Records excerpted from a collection
######

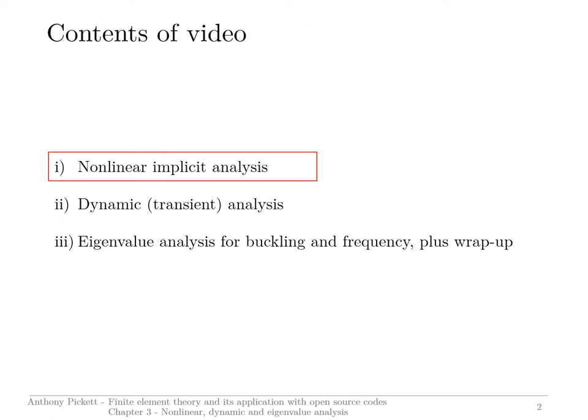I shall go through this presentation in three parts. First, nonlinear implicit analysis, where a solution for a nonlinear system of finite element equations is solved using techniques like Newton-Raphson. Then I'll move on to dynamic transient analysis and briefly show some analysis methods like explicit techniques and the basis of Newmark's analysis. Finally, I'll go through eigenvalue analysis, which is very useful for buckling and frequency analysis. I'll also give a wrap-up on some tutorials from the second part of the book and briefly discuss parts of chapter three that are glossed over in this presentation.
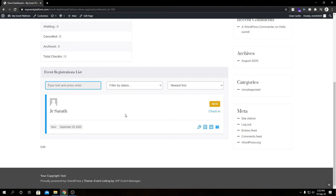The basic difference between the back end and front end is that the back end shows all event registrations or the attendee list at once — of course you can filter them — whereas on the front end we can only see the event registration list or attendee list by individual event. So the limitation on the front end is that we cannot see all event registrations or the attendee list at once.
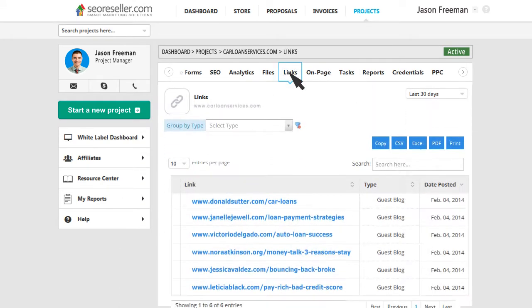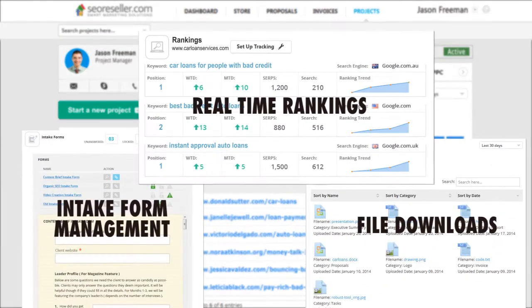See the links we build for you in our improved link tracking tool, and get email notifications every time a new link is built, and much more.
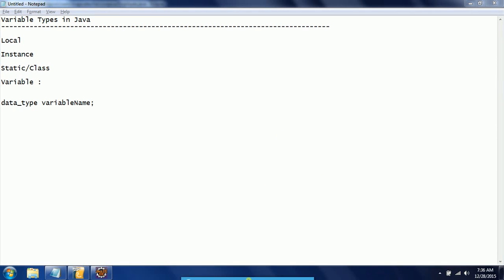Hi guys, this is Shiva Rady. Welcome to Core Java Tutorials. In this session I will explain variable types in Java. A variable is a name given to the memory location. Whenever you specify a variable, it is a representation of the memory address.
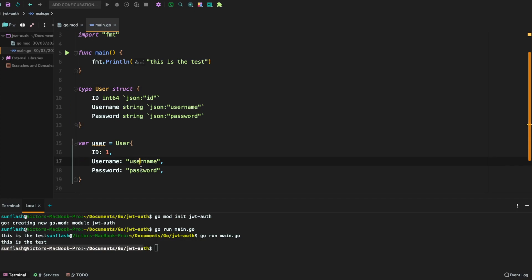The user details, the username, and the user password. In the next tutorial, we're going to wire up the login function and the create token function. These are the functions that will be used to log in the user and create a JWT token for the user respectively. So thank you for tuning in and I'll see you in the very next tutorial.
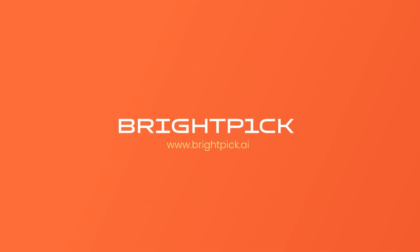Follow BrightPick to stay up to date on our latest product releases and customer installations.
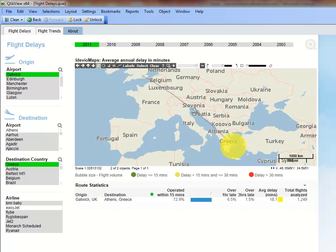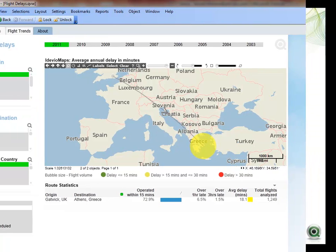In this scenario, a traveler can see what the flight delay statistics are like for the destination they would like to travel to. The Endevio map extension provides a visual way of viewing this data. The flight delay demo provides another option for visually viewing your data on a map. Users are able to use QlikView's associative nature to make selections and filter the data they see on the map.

######

Although pictures appear among the records above, write out exactly only the lines from the one that has "The user details, the" through the one that has "Follow BrightPick to", and leave the pictures out.

## [EXERCISE RESULT]
The user details, the username, and the user password. In the next tutorial, we're going to wire up the login function and the create token function. These are the functions that will be used to log in the user and create a JWT token for the user respectively. So thank you for tuning in and I'll see you in the very next tutorial.
Follow BrightPick to stay up to date on our latest product releases and customer installations.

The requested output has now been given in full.